The details for September 6, 2016 can be viewed here.
IMPORTANT REMINDER: Neither 630-meters nor 2200-meters are open to amateurs in the US yet. That includes stations using fake or pirated call signs. Please continue to be patient and let the FCC finish their processes. UPDATED: Click here to view the proposed “considerate operators” frequency usage guide for 630-meters under Part-97 rules that was developed with the input of active band users.
The cold front draped across North America brought quite a bit of noise to stations in the eastern two-thirds of the continent. It was less noisy this morning here in Texas as a cold front has pushed off of the Atlantic coast. Parts of the western US experienced evening monsoon storms ranging from northern California into the Desert Southwest. Mexico and the Caribbean are quite active this morning in terms of lightning activity.
Geomagnetic conditions are complicated at the moment. While the HF bands experienced strong enhancements during the day as sunspot numbers spiked to their highest levels in some time, X and M class flaring overnight (starting around 0900z) further destabilized the ionosphere in sunlit areas. May 2015 was the last X-class flare. Radio blackouts were the norm in Europe and many stations reported on the RSGB-LF reflector that they were only experiencing success on 2200-meter ground wave. The Bz is currently pointing to the North but remaining very close to unity. Solar wind velocities are only averaging near 450 km/s but G3 storm levels with Kp-indices in excess of 7 are expected in the next 24-hours as the first coronal mass ejection begins to impact the Earth’s magnetic field. Its unclear at this time whether an additional CME was generated with the overnight M and X class flares. Proton levels have remained high through this event, relaxing only a bit overnight but those levels are expected to spike again with the arrival of the next CME. DST values are actually relatively normal at the moment, approaching the centerline and even surpassing at times to positive levels. I expect the bottom will drop out again shortly. Having said all of this, the band seems to be enhanced this morning but its anyone’s guess how long it will last before the band changes again. UPDATE: an X9.3 was reported just before 1200z.

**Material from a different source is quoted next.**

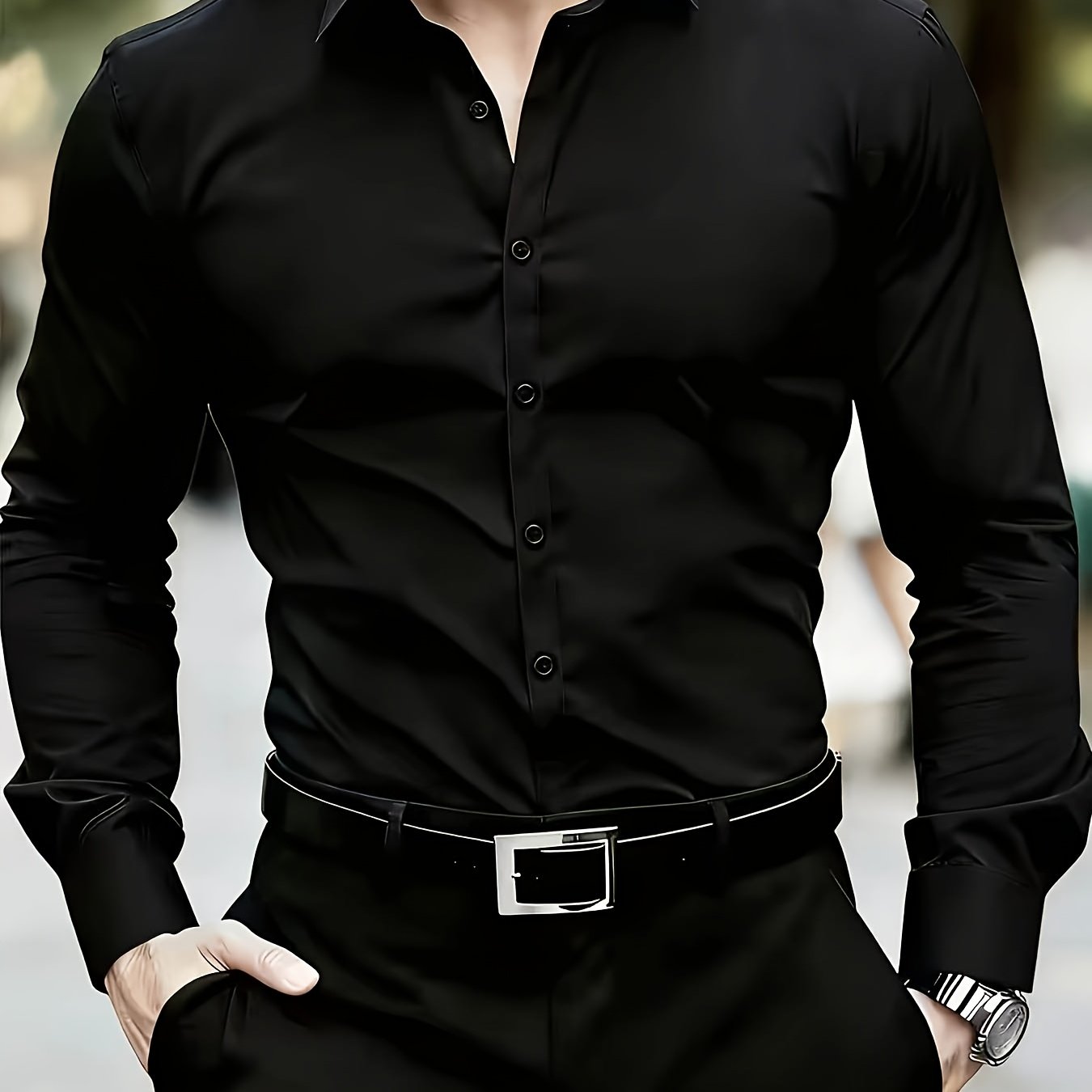 TEMU New Autumn/winter Men's Casual Long-sleeve Button-up Cardigan Shirt, Suitable For Beach, Travel, Vacation, Sports, And Outdoor Activities,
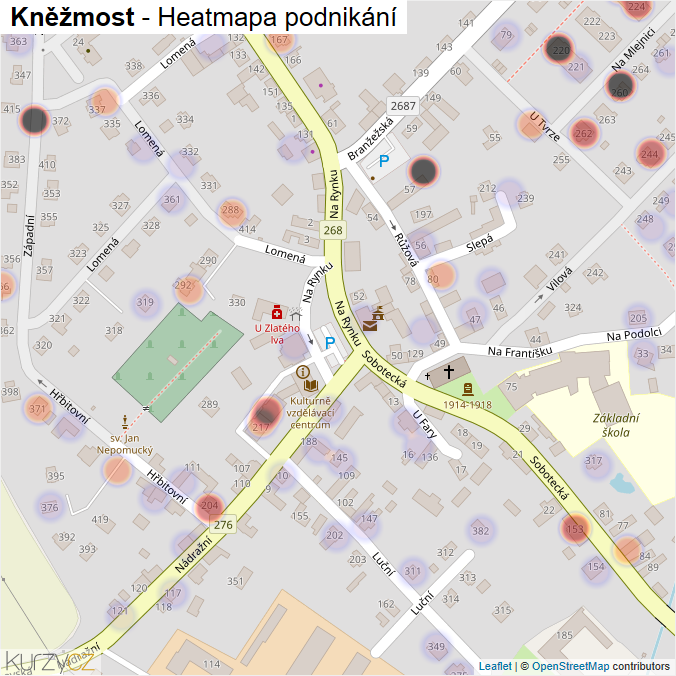 Mapa Kněžmost - Firmy v obci.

Some of the comments from the RSGB-LF reflector indicate that no pings were being reported at the Chilton ionosonde in England and the activity has been felt down as low as VLF. Roelof, PA0RDT, reported that he has never seen a blackout like this one and submitted this wideband view of radio spectrum at his station using all three of his antennas, which seem to be working fine:
Doug, K4LY / WH2XZO, reported thunderstorms during the evening so he did not actually start operating until 5AM local time in South Carolina. He decoded seven WSPR stations and was decoded by 24 unique stations including VE7SL and VE6XH. Doug adds that band conditions were pretty good.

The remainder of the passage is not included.